As the report says, though, olives were originally cultivated in order to produce oil (not snacks). The Spanish brought olives to California in the 18th century (which we can assume was long before you (signal11) ate olives in the Middle East), and they ate them on the dinner table only as an afterthought. They pursued the cultivation of olives for very real, practical needs: heating and lighting (in addition to holy oil, as they were missionaries, and technically working for the Church coming out of Mexico city).

My question is whether commercial cultivation (that is, a profitable industry drawing upon this new form of ripening) of olives in California–specifically as snacks–might have increased the popularity of olives as snacks in Europe. I’m wondering about the possibility of culinary cultural “back-formation,” similar to the way in which a lot of what people (in the northern and eastern part of the U.S.) think of as “Mexican” food actually gained its popularity in the U.S., or close to it, and then found its way back to Mexico. Consider the story of “nachos”:

I understand what you’re saying but the cultivation and the preservation of olives as a food item has been around for a very long time.

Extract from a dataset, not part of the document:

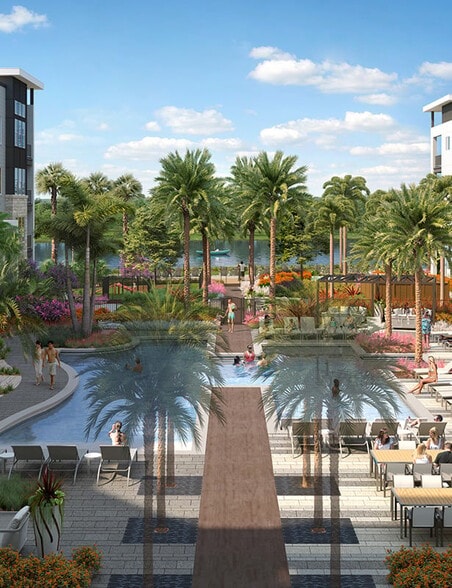 Resort-inspired pool experience with serene views and tropical greenery - The Residence Peninsula Apartments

The staff report is regarding the production of canned, black olives.

There are so many different ways of brining olives in different parts of the mediterranean that it’s a pretty far stretch to think this is a backflow type of thing.

I think there’s references to eating cheese with olives in classical Roman and Greek literature. Modern Greeks have a very nice way of doing black olives dry and chewy. As the link to Don Carlos shows, they’d be picked ripe. I don’t know why California can’t do that but maybe it’s just that waiting for them to ripen wouldn’t manage demand.

Olive trees live a long time - in fact it takes years for them to become productive - so if you have a grove, you are stuck with it. Until recently, demand for oil away from the Mediterranean was low and tasteless rape oil has been encouraged where cooking oil started to replace fat 40-30 years ago (sometimes Soy). Olive oil particularly does not work for Chinese-style high temperature stir-frying.

Therefore traditional groves have probably had plenty of spare olives to ripen on the tree and meet the relatively low demand for them. They are far too overpowering to be a major ingredient of anything (though a minor one in a lot of rich sauces). Given that populations and demand have risen over time, they must have always been used as food.

Probably there was much more demand for oil in the remote past when it was used for lighting and any kind of massage you care to name. They might have found more uses for the fruit as that declined.

Might it be because black olives in glass would bleach if displayed in daylight on a store shelf?

I think the key is “artificially ripened” black olives. Naturally ripened black olives can be in glass.

The assertion “So you can’t process artificially ripened olives in jars – the glass wouldn’t withstand the cooking temperature.” is incorrect, and in fact is not mentioned in Ms. Fusano’s quote.

Glass containers are used in commercial retort-based thermal processing (“canning”) all the time. The glass containers are more delicate, requiring different process times so as not to create thermal shock in the glass, but store shelves are full of jars of heat-treated products from salsa to fruit.

What Ms. Fusano didn’t mention (and Eutychus forgot to ask) is if there might be other reasons that glass containers weren’t used. The two at the top of the list are:

  1. Appearance. The unripe, green olives are firm and not given to shedding material into the packing brine, whereas the black, processed olives are kept in a brine that is somewhat cloudy from the lye-processed olive flesh (yes, that’s the term), giving the product a terrible shelf presence. The lye processing essentially predigests the olives, making them soft and prone to losing material. The next time you open a can of black olives, put them in a wine glass to see what I mean.

2.) Cost. Cans are cheaper, faster to process (as above), don’t easily break during transit, and a label with some cheerily photographed olives on the label look much better than the dingy contents.